YOUR OBJECTIVE: The lines below, from the one holding "STARBRILLIANT Multi-functional Wall" through the one holding "Ketting met Vogel van labradoriet", are to be restated word for word, with all images left out.

EXTRACTED MATERIAL:
=== Begin Enclosure ===
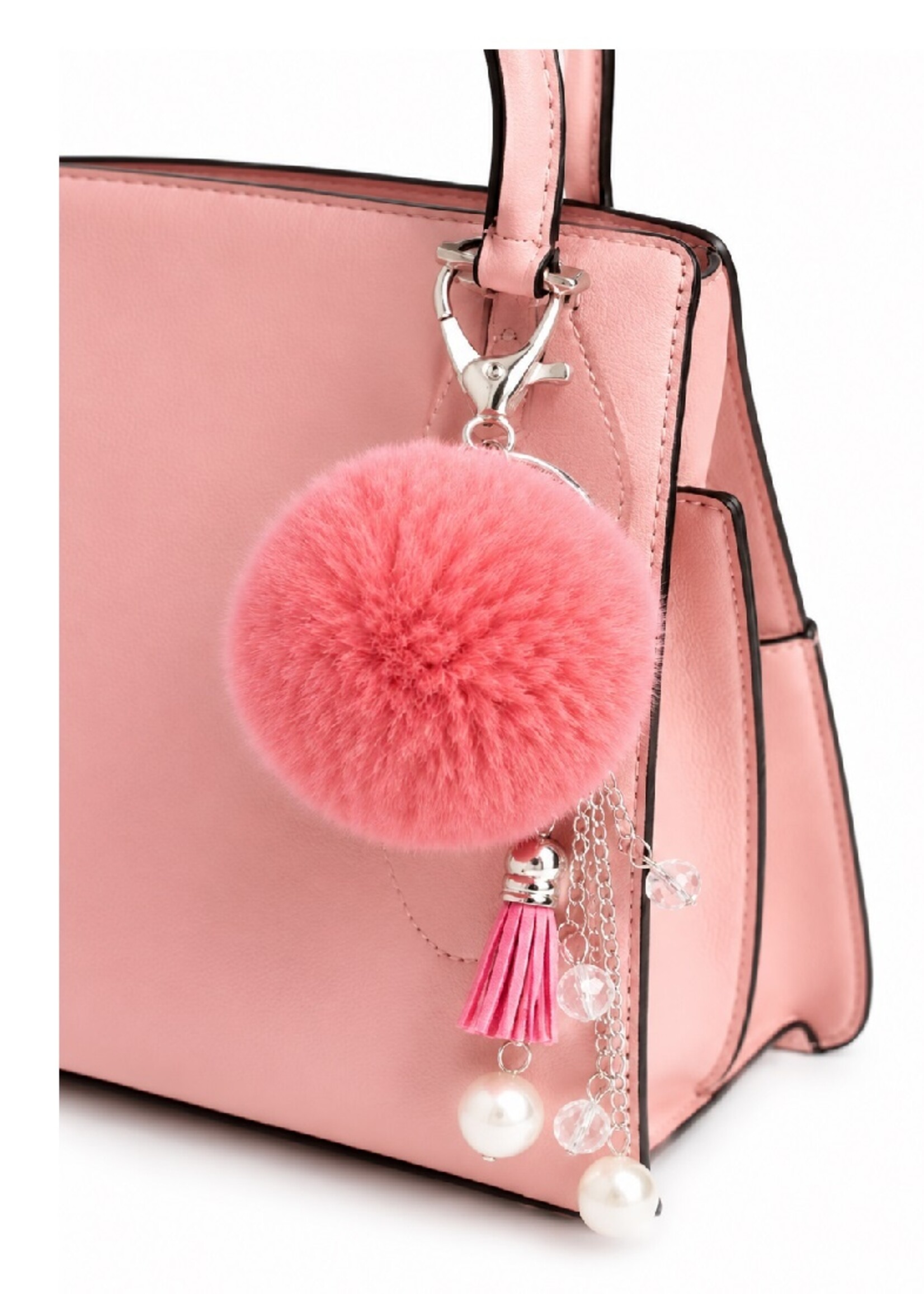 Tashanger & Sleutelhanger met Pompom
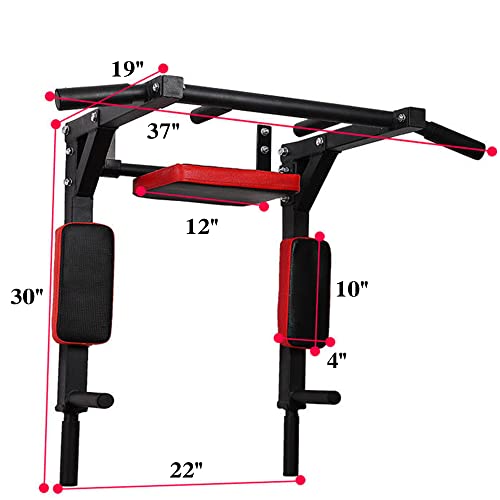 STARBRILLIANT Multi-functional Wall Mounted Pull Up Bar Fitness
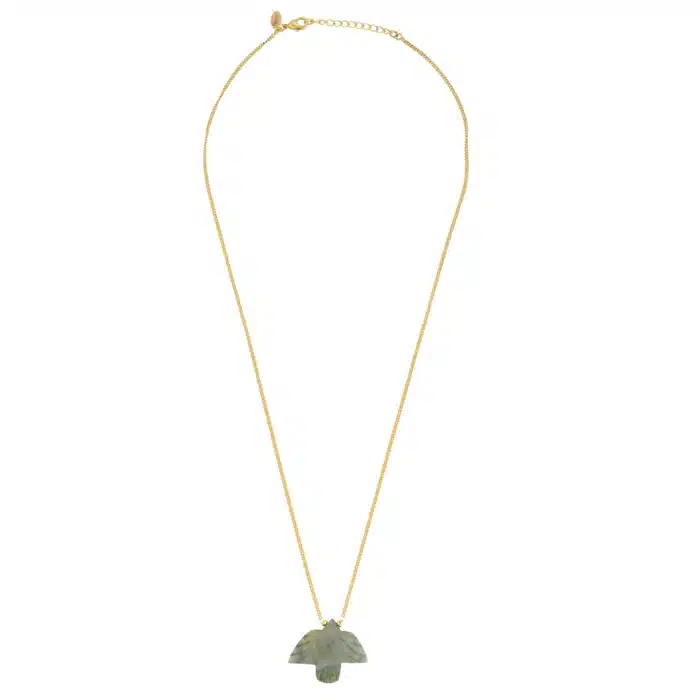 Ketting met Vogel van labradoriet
=== End Enclosure ===
=== Begin Enclosure ===
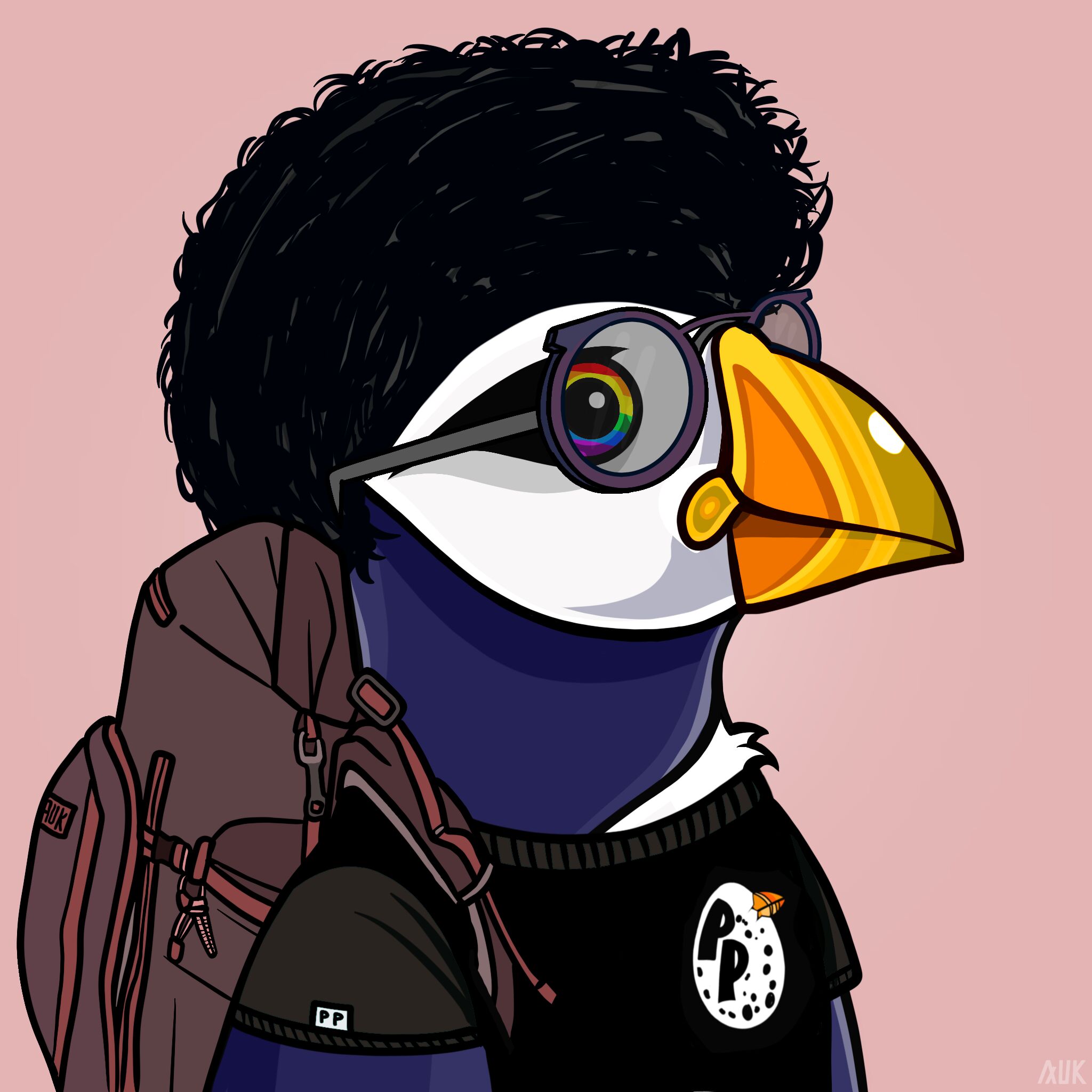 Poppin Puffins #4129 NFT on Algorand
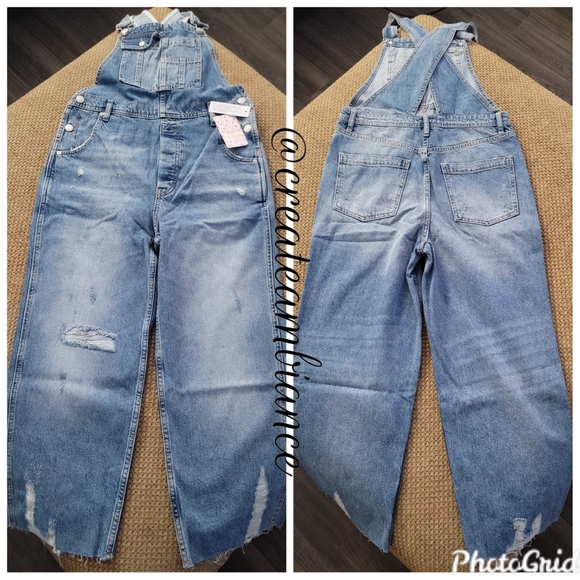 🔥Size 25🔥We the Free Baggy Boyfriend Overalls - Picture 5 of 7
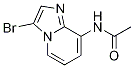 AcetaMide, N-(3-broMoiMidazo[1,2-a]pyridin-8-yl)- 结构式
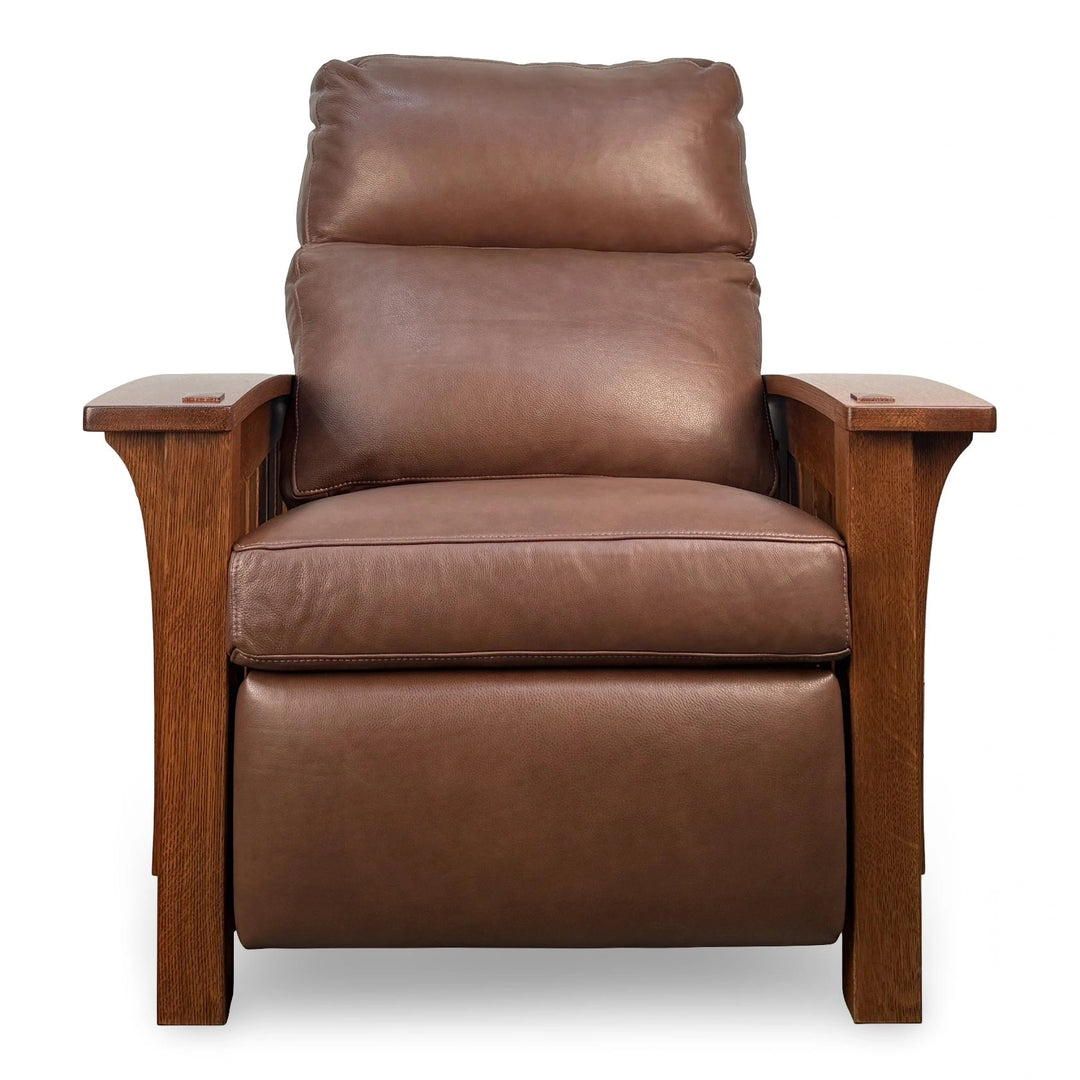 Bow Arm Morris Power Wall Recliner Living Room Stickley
=== End Enclosure ===
ANSWER TO THE PROBLEM:
 STARBRILLIANT Multi-functional Wall Mounted Pull Up Bar Fitness
 Ketting met Vogel van labradoriet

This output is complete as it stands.